THE COMBUSTION PROCESS
In order to operate a heat engine we need a hot source together with a cold sink. The most common way of doing this is by the combustion of a fuel. (Nuclear fission/fusion & solar are alternatives )
Solid:- Coal, wood - consists mainly of C, H, & O impurities
Liquid:- Large hydrocarbon molecules of varying boiling points mainly C & H : Petrol, Diesel, Fuel oil etc;
Gas:- Small hydrocarbon molecules - methane, ethane, propane, butane, etc; plus a range of manufactured gases ; eg H2 , Acetylene etc..
Usually air ( the oxygen in the air )
Where air is unavailable the oxidant has to be carried as well as the fuel - space vehicles, rockets etc;
SOLIDS :- pulverising to powder or small lumps
LIQUIDS :- spray nozzles, atomisers, vaporisers, carburettors, 'burners'.
GASES :- mixing valves, chambers, burners; usually need precautions to avoid explosion and flash back .
Simply mixing methane and air will not cause it to burn.
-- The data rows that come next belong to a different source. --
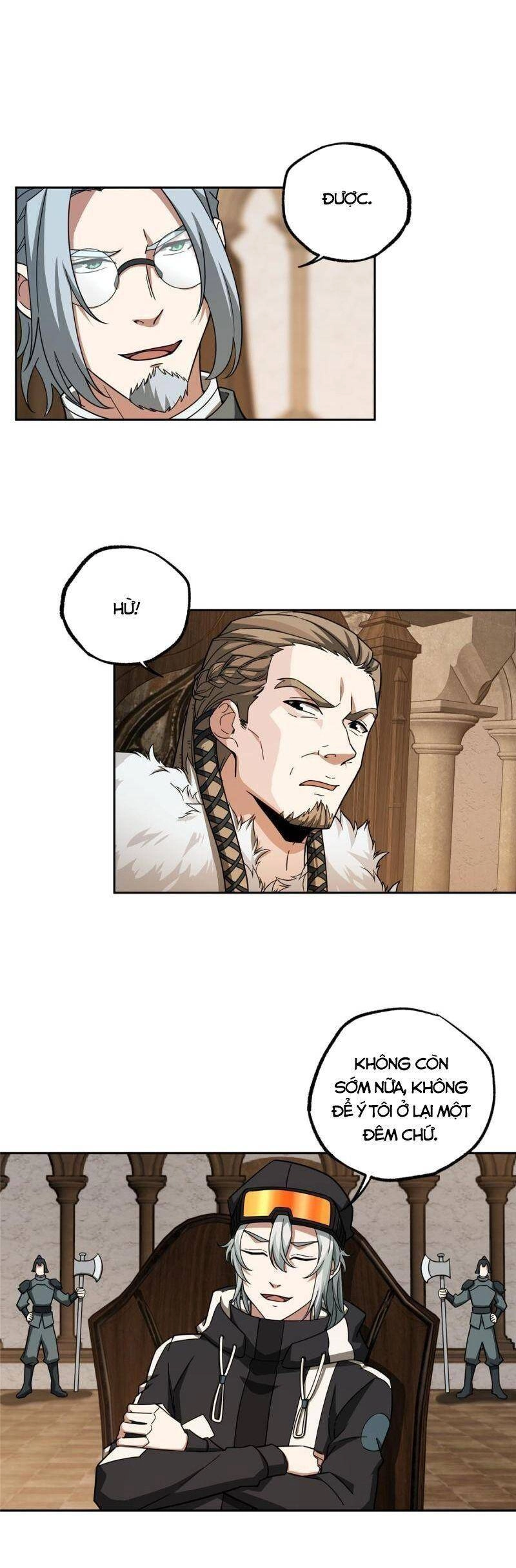 Siêu Thần Cơ Giới Sư Chapter 135 - 10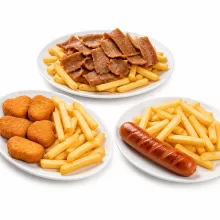 KIDS MENU
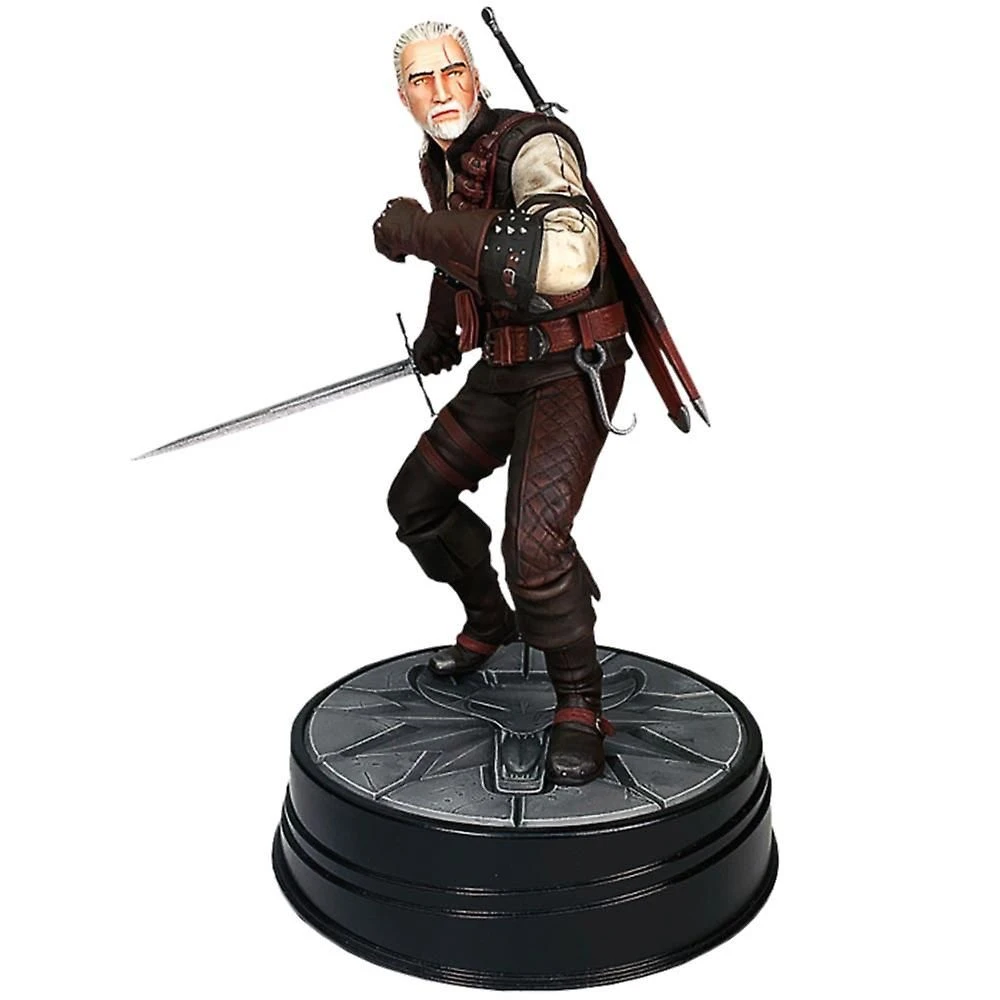The Witcher 3: Wild Hunt - Geralt Von Riva Manticore - Figur 1 The Witcher 3: Wild Hunt - Geralt Von Riva Manticore - Figur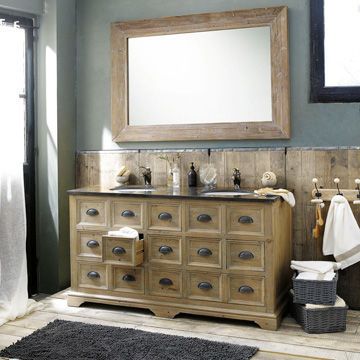 Decoration salle de bain maison du monde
The molecules need to reach a certain threshold energy level
before the combustion process will proceed. This may be provided initially by another flame, a spark or hot surface. The combustion process itself ( if sustained ) then continues the ignition process.
The chemical dissociation of the fuel and it's recombination with oxygen. Energy and Mass are conserved.